*** Provided material Section Begins ***

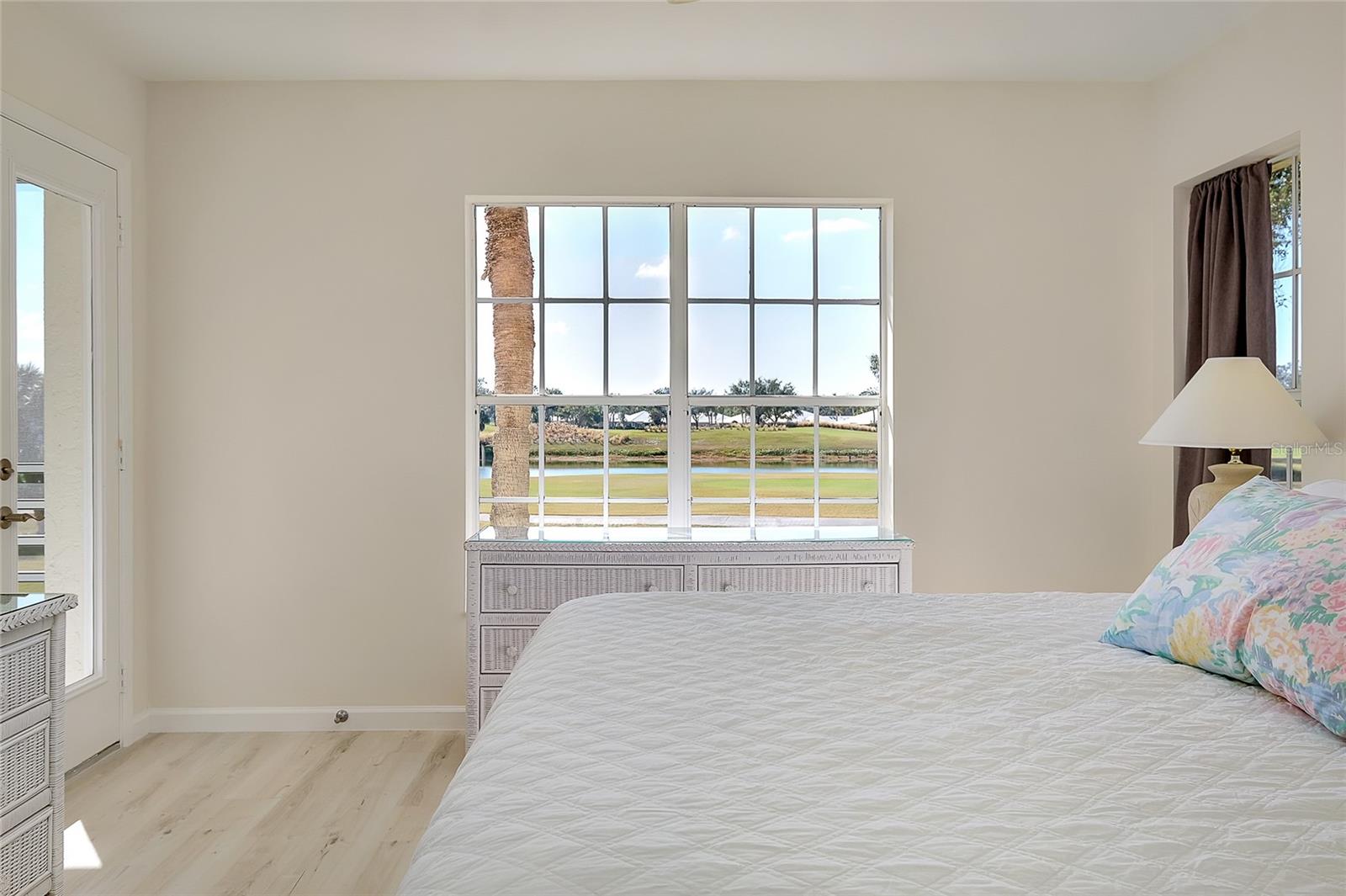 Image 39 of 90 For 929 Wexford Boulevard 929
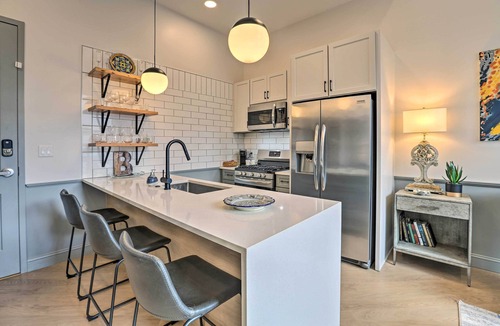 Central City Condo | Modern Downtown Birmingham Condo w/Rooftop Access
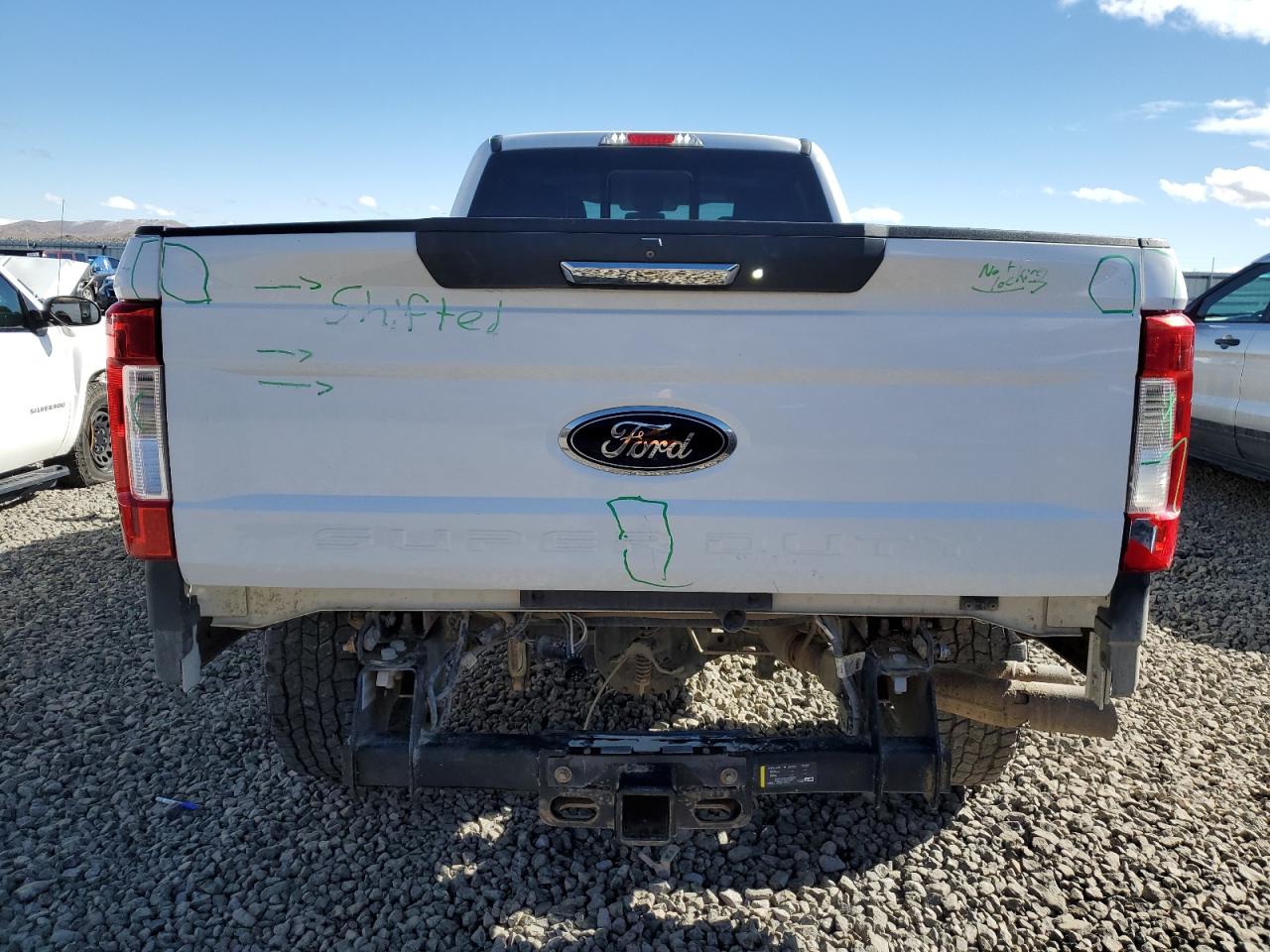 Photo 5 VIN: 1FT8W3BT4HEB29187 - FORD F350 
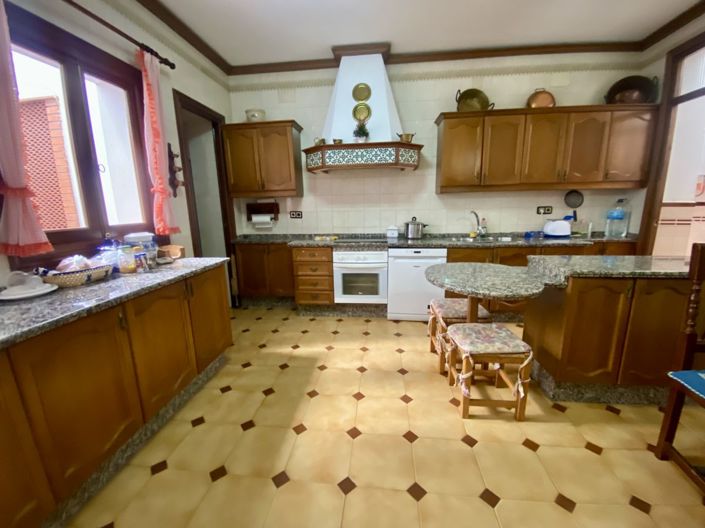 Image No.13-7 Bed Property for sale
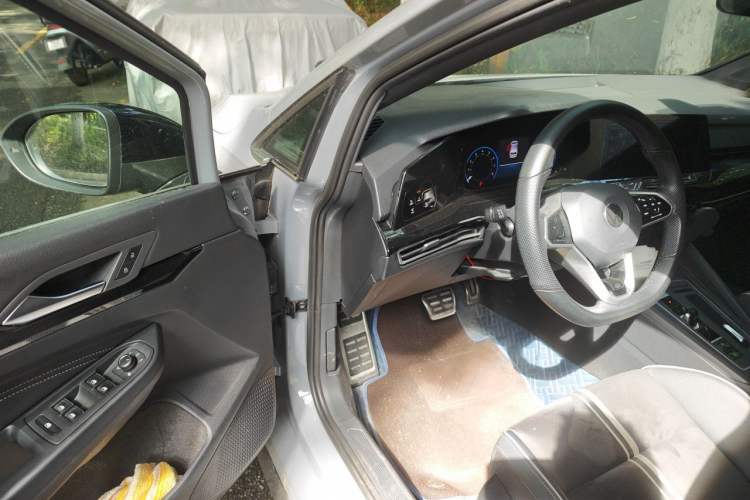 Used Volkswagen Golf 2023 280TSI DSG R-Line Lite Driver Seat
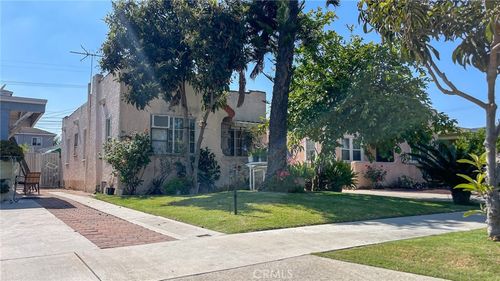 8933 Bowman Ave, South Gate, CA, 90280-3305 | Card Image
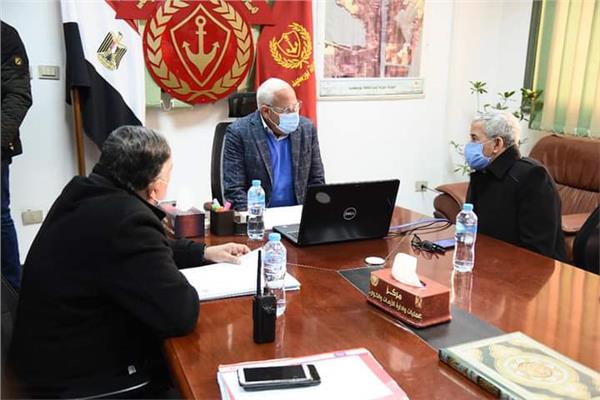 محافظ بورسعيد يترأس غرفة العمليات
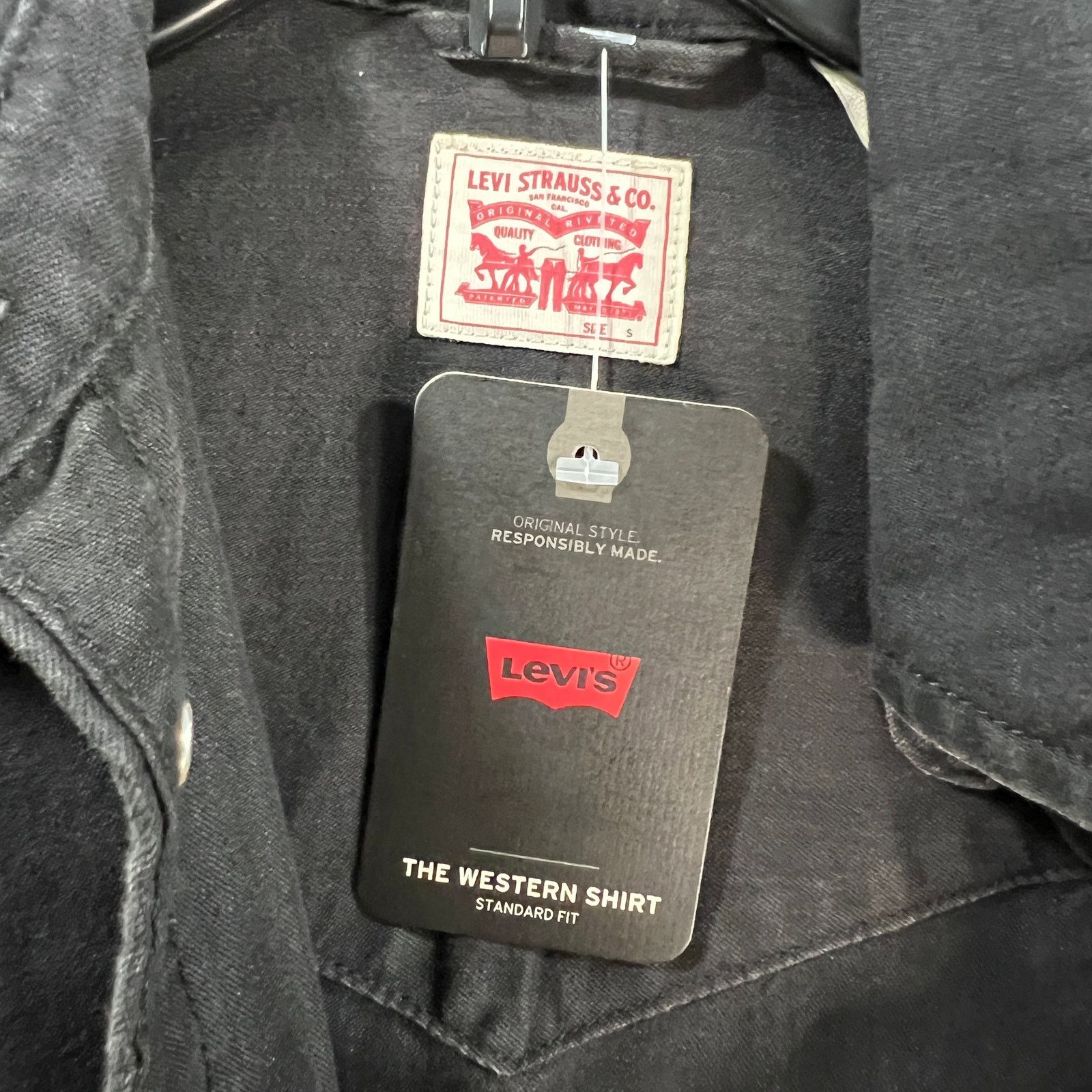 Levi's Levi's Women's The Ultimate Western Shirt, Black, Small Size S / US 4 / IT 40 - 5 Thumbnail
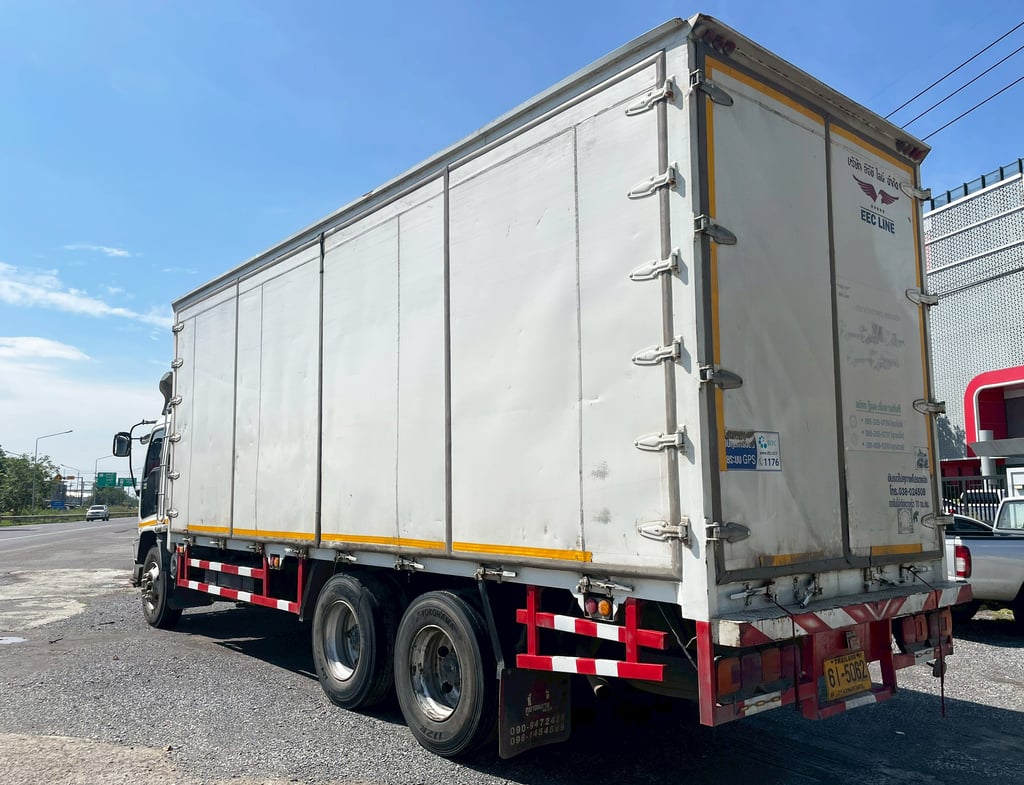 10 ล้อ ตู้ทึบ ISUZU FVM32 230 แรง ปี 49 10 ล้อ ตู้ทึบ ISUZU FVM32 230 แรง ปี 49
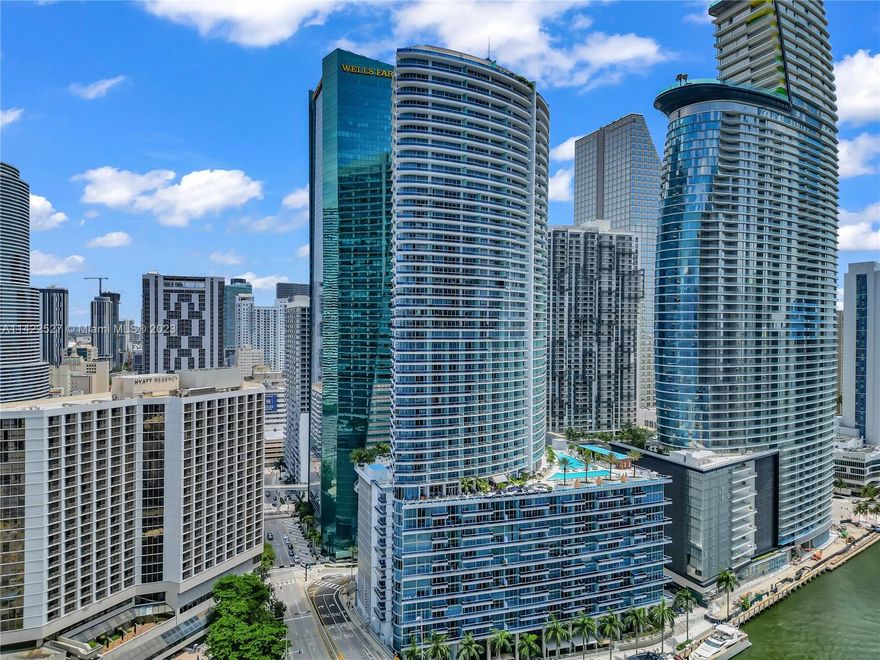 Desirable Epic Residences in the heart of Downtown Miami, the most urban and pedestrian-friendly neighborhood in Miami. This 2-bedroom + 2.5 bathroom unit is in the sought-after 08 line, which offers both skyline & water views. The unit has been upgraded with custom Italian porcelain-tile flooring and built-out closets. The Open concept Snaidero kitchen has Miele appliances and is ideal for entertaining as is the balcony with views of the Ocean, the Miami River, the port of Miami, & the Brickell Skyline. The Epic residences are located in the same building as the famed Epic Kimpton Hotel and residents get to enjoy all resort amenities like the Pool, Zuma restaurant, & Exhale Spa as well as residents-only amenities. Walking distance to Brickell City Center, Bayside and Whole Foods.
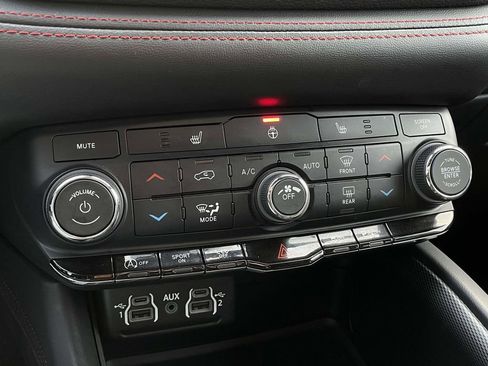 Used 2023 Dodge Durango GT image 16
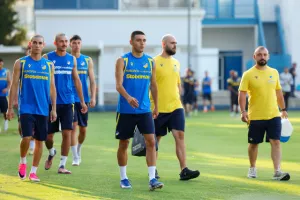 (Φώτος) Η πρώτη προπόνηση του ΑΠΟΕΛ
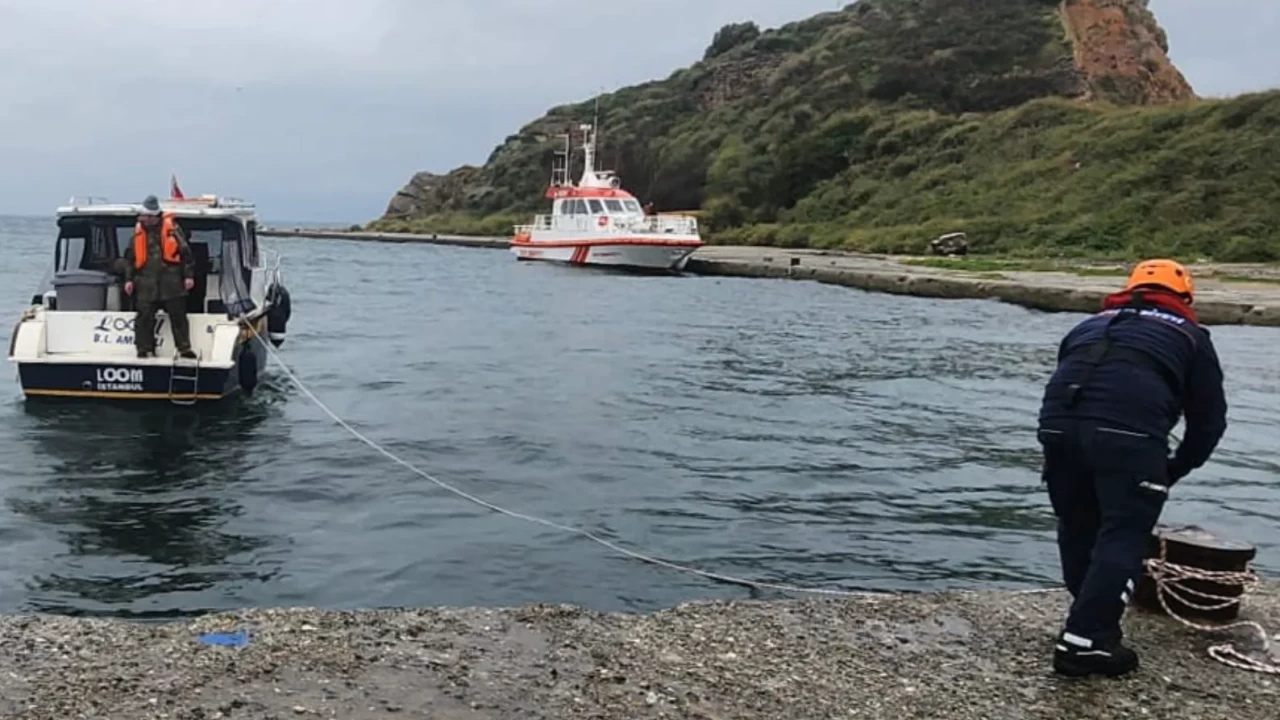 Marmara’da korku dolu anlar: Sürüklenen tekne son anda kurtarıldı!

*** Provided material Section Ends ***

## Directions for this task
Your answer should be an exact copy of the records above, with no pictures in it.

## Response below
 Image 39 of 90 For 929 Wexford Boulevard 929
 Central City Condo | Modern Downtown Birmingham Condo w/Rooftop Access
 Photo 5 VIN: 1FT8W3BT4HEB29187 - FORD F350 
 Image No.13-7 Bed Property for sale
 Used Volkswagen Golf 2023 280TSI DSG R-Line Lite Driver Seat
 8933 Bowman Ave, South Gate, CA, 90280-3305 | Card Image
 محافظ بورسعيد يترأس غرفة العمليات
 Levi's Levi's Women's The Ultimate Western Shirt, Black, Small Size S / US 4 / IT 40 - 5 Thumbnail
 10 ล้อ ตู้ทึบ ISUZU FVM32 230 แรง ปี 49 10 ล้อ ตู้ทึบ ISUZU FVM32 230 แรง ปี 49
 Desirable Epic Residences in the heart of Downtown Miami, the most urban and pedestrian-friendly neighborhood in Miami. This 2-bedroom + 2.5 bathroom unit is in the sought-after 08 line, which offers both skyline & water views. The unit has been upgraded with custom Italian porcelain-tile flooring and built-out closets. The Open concept Snaidero kitchen has Miele appliances and is ideal for entertaining as is the balcony with views of the Ocean, the Miami River, the port of Miami, & the Brickell Skyline. The Epic residences are located in the same building as the famed Epic Kimpton Hotel and residents get to enjoy all resort amenities like the Pool, Zuma restaurant, & Exhale Spa as well as residents-only amenities. Walking distance to Brickell City Center, Bayside and Whole Foods.
 Used 2023 Dodge Durango GT image 16
 (Φώτος) Η πρώτη προπόνηση του ΑΠΟΕΛ
 Marmara’da korku dolu anlar: Sürüklenen tekne son anda kurtarıldı!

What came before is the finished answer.